--- template=post title=Corgi Gets Faster style=/styles/post.css style=writing.css #published=2025-03-02 4:00am CST description=corgi, my cgi server, got a 1000x performance uptick --- A tool related to my CGI server was taking nearly seven whole seconds to respond to my request and that just wouldn't do. (it was also poisoning the mutex in corgi itself because the sqlite connection would timeout and the thread would panic because the code is soft and unhardened) What is the issue, then? Well, I have this page, git.dreamy.place/stats, for telling me what user-agents are making requests. What, because I want to see how many of them are for-sure bots (nearly-mostly-entirely all).
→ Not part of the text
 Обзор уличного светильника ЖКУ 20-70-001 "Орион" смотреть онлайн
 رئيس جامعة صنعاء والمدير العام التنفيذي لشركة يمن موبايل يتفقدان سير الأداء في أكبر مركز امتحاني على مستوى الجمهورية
The problem, then, is that after five months of running i have over eleven million requests logged and that is too many if your SQL query looks at the entire table :) But, you see, the stats page currently only has 2 tables on it: count of total requests from the top 10 user-agents, and every user-agent in the last 15 minutes and how many requests they've made. There is simply no reason to keep looking over almost all of the requests from before 15 minutes ago if I kept a running total per-agent. Do I get rid of all those rows, then? No! I'd never! My precious data i'll never look at probably!
CREATE TABLE IF NOT EXISTS requests(
	id INTEGER PRIMARY KEY AUTOINCREMENT,
	timestamp TEXT NOT NULL DEFAULT CURRENT_TIMESTAMP,
	agent_id INTEGER NOT NULL,
	ip_address TEXT NOT NULL,
	script TEXT NOT NULL,
	path TEXT NOT NULL,
	FOREIGN KEY (agent_id)
		REFERENCES agents(id)
);